While my daughter got her braces off today I read my copy of The Atlantic. An article by Nir Rosen was particularly enlightening, considering the current debate on leave now vs. leave
later with our tail between our legs.
I suspect Congressman Murtha read the same article before he proposed that the U.S. exit Iraq now rather than later.
Rosen lays out the arguments for leaving ASAP, and they're pretty convincing. Conventional wisdom has it that chaos will erupt as soon as the U.S. pulls out, leaving Iraq in the midst of a civil war.
Yet as Rosen points out, Iraq already is in the midst of a civil war, and "The mere announcement of an intended U.S. withdrawal would allow Sunnis to come to the table and participate in defining the new Iraq."

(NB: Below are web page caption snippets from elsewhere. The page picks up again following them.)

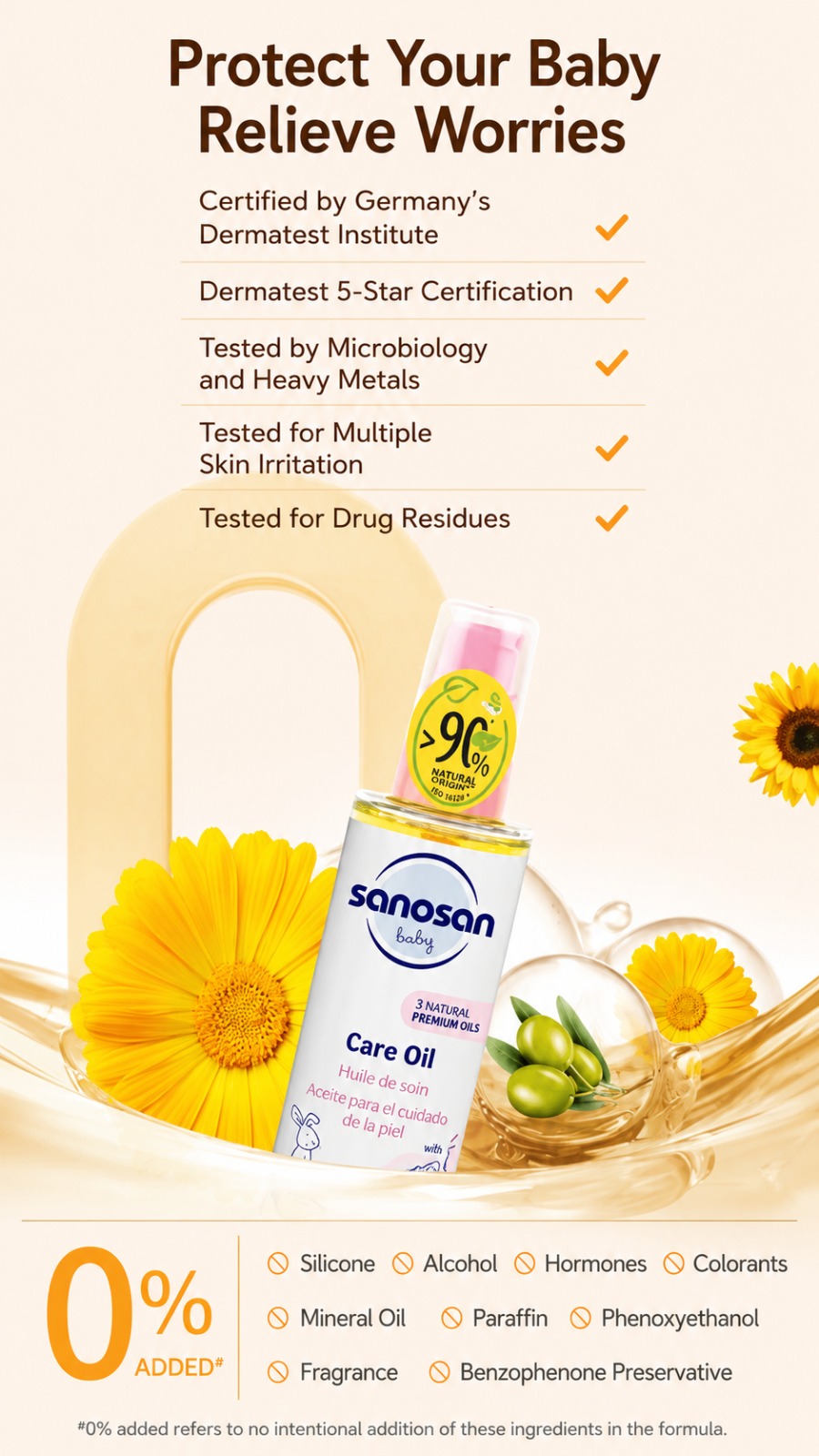 Sanosan  Care Oil
Ideal for massaging, for pampering your baby’s skin after bathing
98 % ingredients of natural origin.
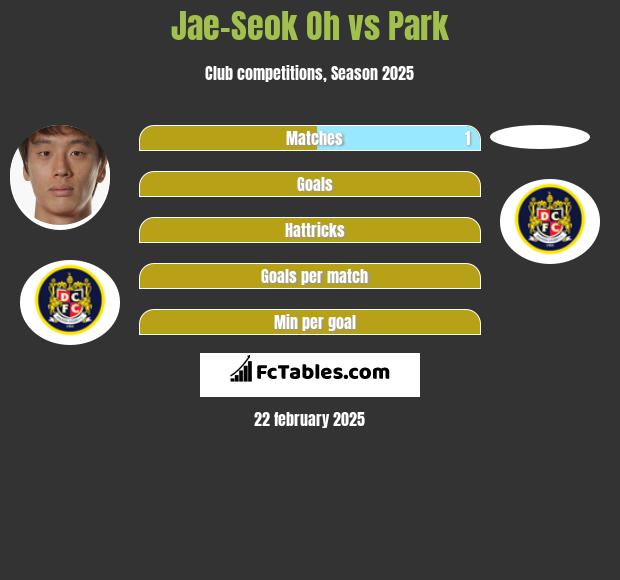 Jae-Seok Oh vs Park h2h player stats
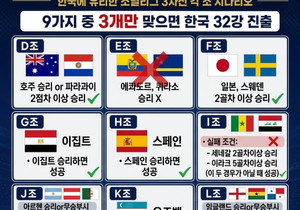 한국 월드컵 32강 경우의수 확률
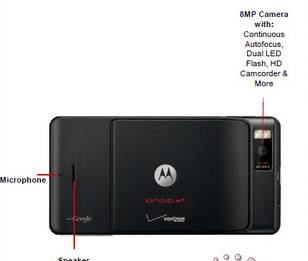 Motorola Droid X 2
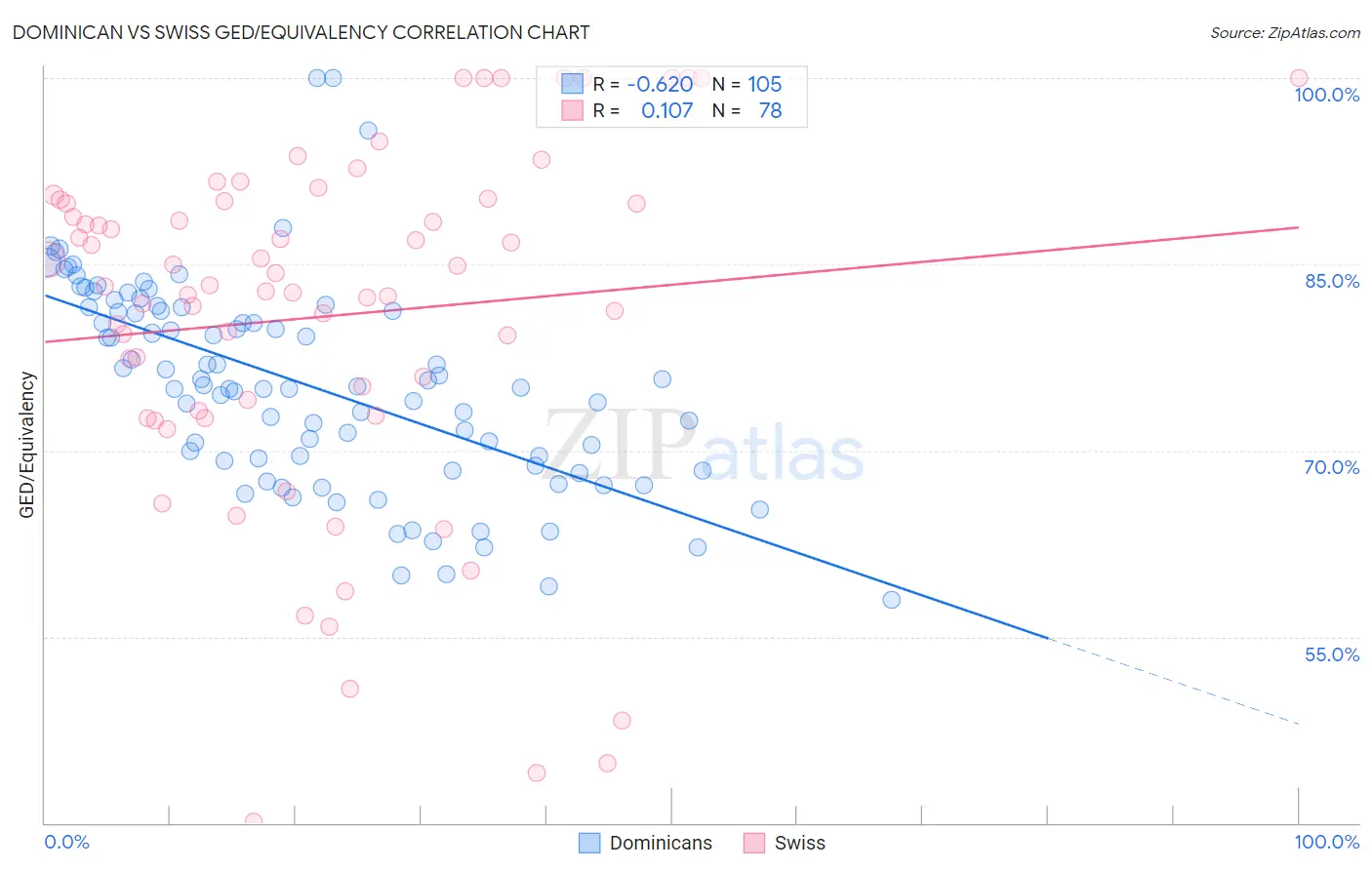 Dominican vs Swiss GED/Equivalency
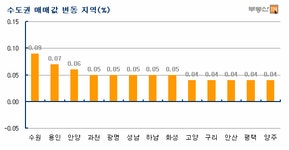 부동산114 [부동산114] 강남 재건축 오르고 남부지역 주요단지 사자 나서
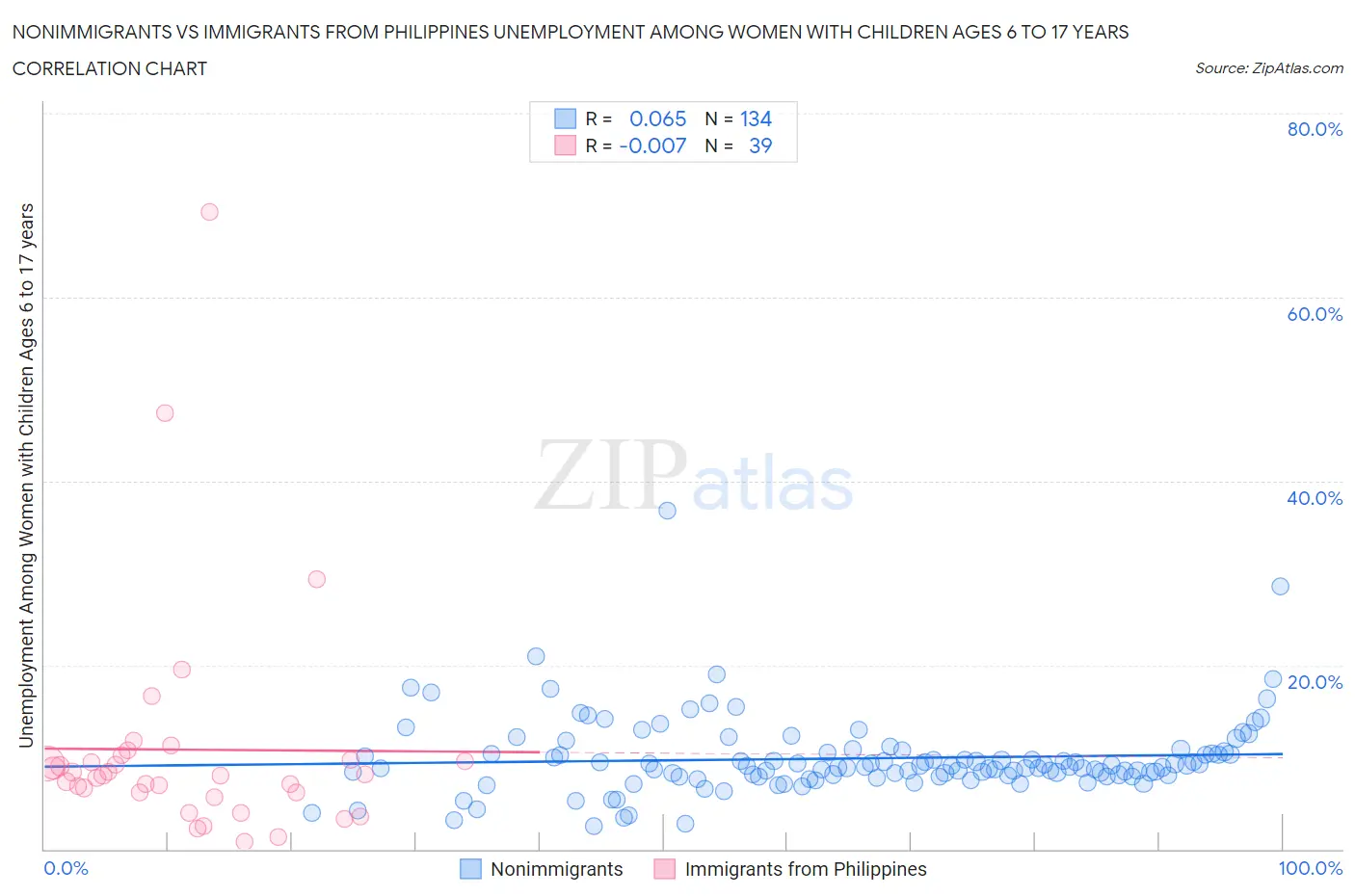 Nonimmigrants vs Immigrants from Philippines Unemployment Among Women with Children Ages 6 to 17 years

The new Iraq, it turns out, will be a nation minus the Kurds. They'll secede as soon as we leave, but that's a good thing, argues Rosen. No one more deserves their own nation than the Kurds, plus:
They also happen to be the most America-loving people I have ever met; their leaders openly seek to become, like Israel, a proxy for American interests. If what the United States wants is long-term bases in the region, the Kurds are its partners.
Won't we be leaving the nation to the likes of al-Zarqawi if we pull out? No, according to Rosen, Zarqawi is hardly representative of the typical Iraqi resistance fighter:
The foreign jihadi element—commanded by the likes of Abu Musab al-Zarqawi—is numerically insignificant; the bulk of the resistance has no connection to al-Qaeda or its offshoots. (Zarqawi and his followers have benefited greatly from U.S. propaganda blaming him for all attacks in Iraq, because he is now seen by Arabs around the world as more powerful than he is; we have been his best recruiting tool.)
One by one, Rosen, a long time Iraqi correspondent, shoots down the objections cautious liberals like me have about leaving Iraq: the mother-instinct says "you made that mess, now you clean it up," yet a more apt analogy would be the elephant in the china shop: there's no way a two ton elephant can possibly clean up all the broken china that is modern Iraq.
And as Rosen asks, "who would the insurgents fight if the enemy left?"
More reading in this month's Atlantic: Why Iraq Has No Army. It's worth picking up a copy at your newsstand, and taking it to your next dentist appointment.